Ferruzza was known for his aggressively anti-"foodie" food writing, informed by his own experience as a server.
“I can’t romanticize food because I’ve had to make it in a restaurant, I’ve had to serve it in a restaurant, I’ve had to clean up vomit in a restaurant,” he once told Kaufmann. “And, you know, when you’ve had that kind of reality check, it’s hard to be romantic about pancakes.”
His restaurant reviews for The Pitch, which he wrote for more than a decade, annoyed some readers, who complained that he spent too much time writing about the conversation between his dining companions or the history of a particular venue’s building or neighborhood. But that was what made his columns a weekly must-read for anyone who cared less about the particulars of the dishes (about which he was plenty knowledgeable) than about the overall experience of dining, with interesting friends, in a lively city.
His interests ran much wider and deeper than food, though. In 2000, he began co-hosting, with his friend Carol Jean Barta, the Anything Goes program Fridays on KKFI 90.1. They encouraged listeners to call in to talk about “local and national celebrities, authors, charlatans, playwrights, ghost hunters, chefs, drag queens, musicians and mixologists, historians and hysterics” — all topics on which he could hold forth with ease.

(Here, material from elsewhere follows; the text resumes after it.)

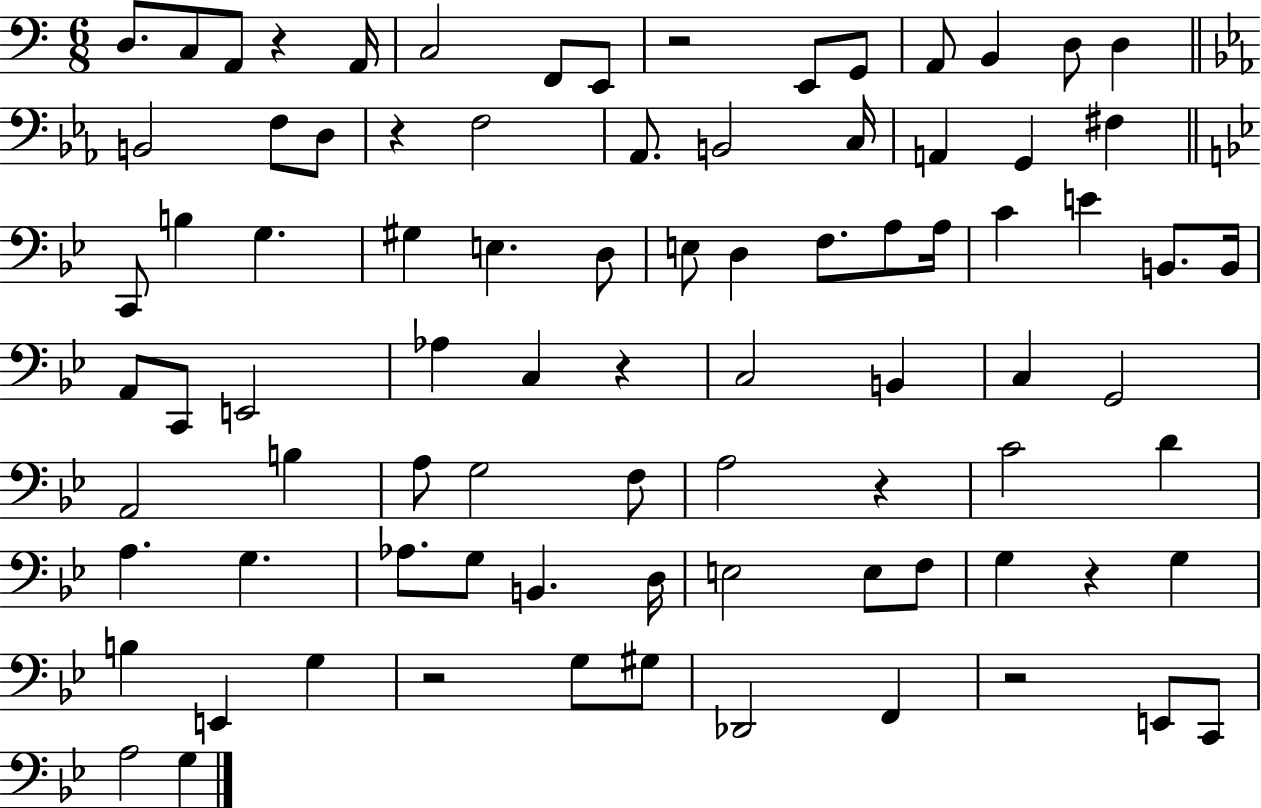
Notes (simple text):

D3/e. C3/e A2/e R/q A2/s C3/h F2/e E2/e R/h E2/e G2/e A2/e B2/q D3/e D3/q B2/h F3/e D3/e R/q F3/h Ab2/e. B2/h C3/s A2/q G2/q F#3/q C2/e B3/q G3/q. G#3/q E3/q. D3/e E3/e D3/q F3/e. A3/e A3/s C4/q E4/q B2/e. B2/s A2/e C2/e E2/h Ab3/q C3/q R/q C3/h B2/q C3/q G2/h A2/h B3/q A3/e G3/h F3/e A3/h R/q C4/h D4/q A3/q. G3/q. Ab3/e. G3/e B2/q. D3/s E3/h E3/e F3/e G3/q R/q G3/q B3/q E2/q G3/q R/h G3/e G#3/e Db2/h F2/q R/h E2/e C2/e A3/h G3/q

“Charles brought voices to the airwaves that shared the common peoples stories and has lifted a lot of boats around Kansas City. We loved him for his sharp wit and shall we say, his quick smart-aleck responses,” KKFI Development Director Bill Sundahl says.
Kansas City readers first became familiar with Ferruzza’s bylines in the Johnson County Sun, where he worked as a reporter, theater critic and book reviewer.
With a journalism degree from Butler University in Indianapolis, he landed his first newspaper job when he was hired by Steve Rose, president of Rose Publications and former publisher of The Sun papers, in 1984. Rose calls Ferruzza one of the most talented writers he's ever hired.
"Charles had a flair I rarely see," Rose says. "He'd get the facts right like a reporter but he had a very sensitive antenna. He picked up on little things, on the color of a story, and had an uncanny ability to capture people in his writing."
In spite of his knotty connection to restaurant work, Rose says, Ferruzza did not like to write bad reviews.
"He had a talent for being able to write a review and even if he didn't like the place, he'd tell you they had nice silverware," Rose says. "He could pluck out at least one thing that wouldn't leave the place devastated."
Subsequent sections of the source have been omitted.